Stop Killing Your Cattle: Server Infrastructure Advice
It's great to treat your infrastructure like cattle—until it comes to troubleshooting.
If you've spent enough time at DevOps conferences, you've heard the phrase "pets versus cattle" used to describe server infrastructure. The idea behind this concept is that traditional infrastructure was built by hand without much automation, and therefore, servers were treated more like special pets—you would do anything you could to keep your pet alive, and you knew it by name because you hand-crafted its configuration. As a result, it would take a lot of effort to create a duplicate server if it ever went down. By contrast, modern DevOps concepts encourage creating "cattle", which means that instead of unique, hand-crafted servers, you use automation tools to build your servers so that no individual server is special—they are all just farm animals—and therefore, if a particular server dies, it's no problem, because you can respawn an exact copy with your automation tools in no time.
If you want your infrastructure and your team to scale, there's a lot of wisdom in treating servers more like cattle than pets. Unfortunately, there's also a downside to this approach. Some administrators, particularly those that are more junior-level, have extended the concept of disposable servers to the point that it has affected their troubleshooting process. Since servers are disposable, and sysadmins can spawn a replacement so easily, at the first hint of trouble with a particular server or service, these administrators destroy and replace it in hopes that the replacement won't show the problem. Essentially, this is the "reboot the Windows machine" approach IT teams used in the 1990s (and Linux admins sneered at) only applied to the cloud.
This approach isn't dangerous because it is ineffective.

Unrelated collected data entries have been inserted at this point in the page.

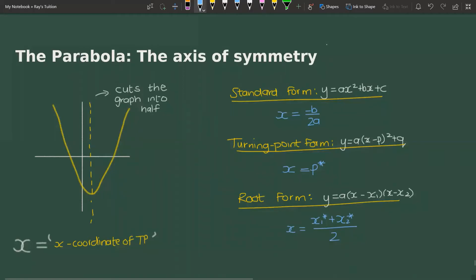Hi everybody and welcome to this video on the parabola. We will be looking at the axis of symmetry. The axis of symmetry is a very important property of the parabola. It's a line which divides the parabola exactly in half and about which the parabola is symmetrical. If you were to fold the parabola along that line, it would fold exactly.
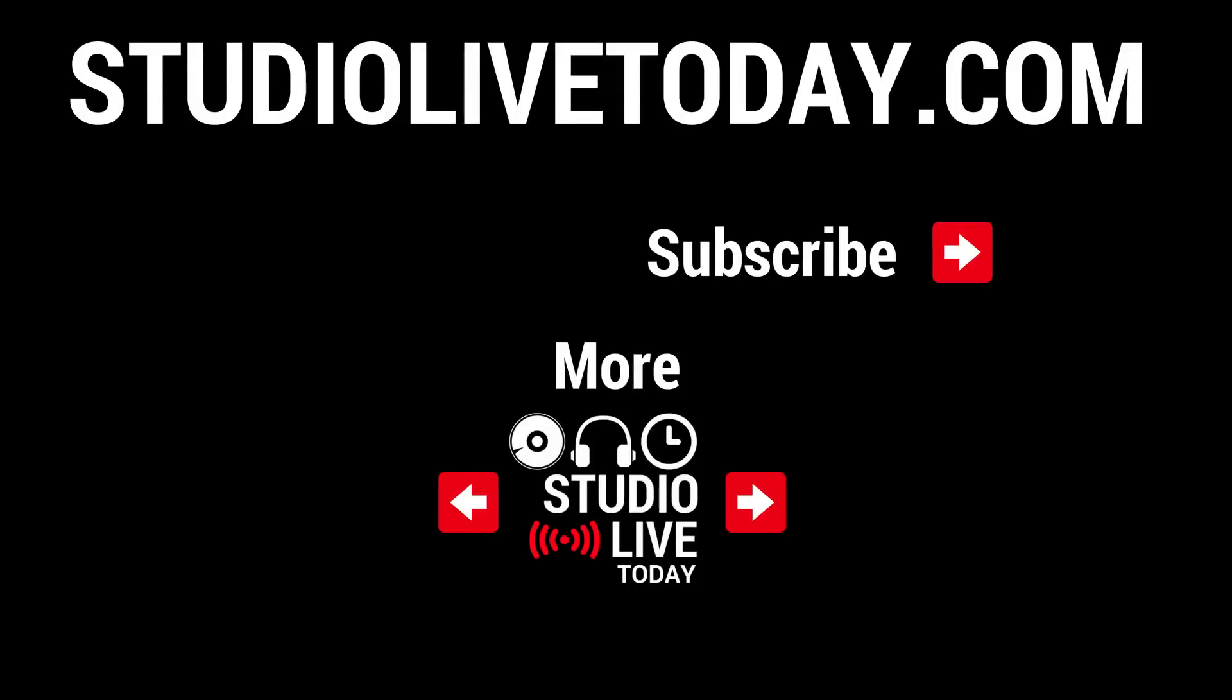Hey, thanks for sticking around. If you'd like to learn more about music and audio production, I've got two playlists linked right down below that you can check out some of the videos here on the channel. You can also subscribe by clicking on the Studio Live Today icon in the top right corner and head on over to studiolivetoday.com for even more audio goodness.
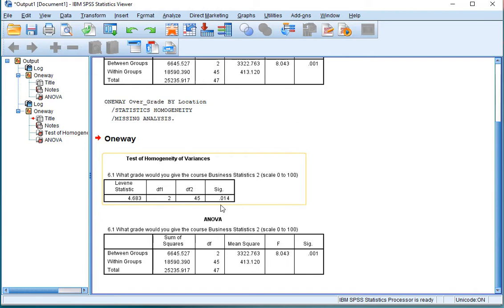If it would have been above 0.05, you would probably assume that the variances are equal.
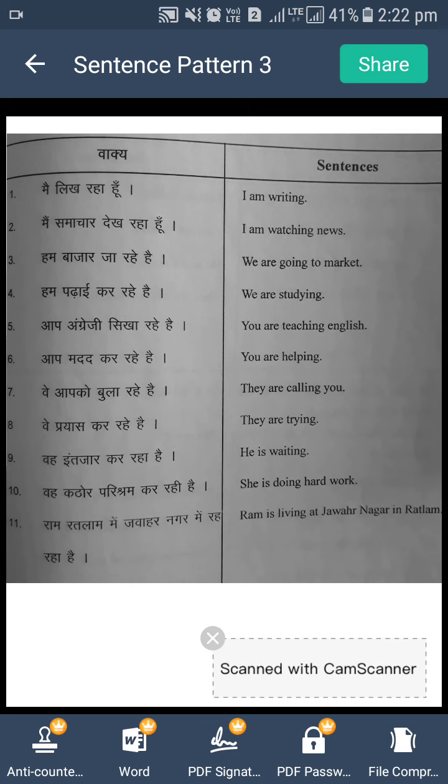Ab action yahaan kya hori hai? Action hai likhna, means write. Ab write meh hameh add karna hai ing. So humne abhi just sikha ki hameh subject chahiye — yahaan subject hamara 'I' hai. Uske baad hameh am, is, are meh se ek word use karna hai — humne use kiya 'am'. Uske baad hameh action use karna hai, toh action meh hameh ing add karna hai. That is done. Main likh raha hoon — I am writing.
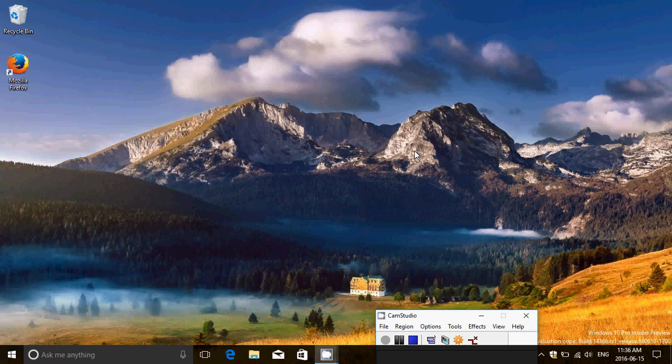At the insider preview, as we're really getting close to the anniversary update, it's going to be very interesting to see what the next builds will have. Probably nothing new but mostly bug fixes coming up, and it's going to be interesting to see when we get the official release.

It's dangerous exactly because it often works. If you have a problem with a machine and reboot it, or if you have a problem with a cloud server and you destroy and respawn it, often the problem does go away. Because the approach appears to work and because it's a lot easier than actually performing troubleshooting steps, that success then reinforces rebooting and respawning as the first resort, not the last resort that it should be.
The problem with respawning or rebooting before troubleshooting is that since the problem often goes away after doing that, you no longer can perform any troubleshooting to track down the root cause. To extend the cattle metaphor, it's like shooting every cow that is a little sluggish or shows signs of a cold, because they might have mad cow disease and not actually testing the cow for the disease. If you aren't careful, you'll find you've let a problem go untreated until it's spread to the rest of your herd. Without knowing the root cause, you can't perform any steps to prevent it in the future, and although the current issue may not have caused a major outage, there's no way to know whether you'll get off so easy the next time it happens. So although you may save time by not troubleshooting, that's time you lose from gaining troubleshooting experience. Eventually, you'll need to flex that troubleshooting muscle, and if you haven't exercised it, you may find yourself with a problem you can't solve.
In short, automation is great, and it's incredibly important in modern infrastructure to be able to respawn any host quickly and easily—just don't turn that infrastructure best practice into a troubleshooting worst practice.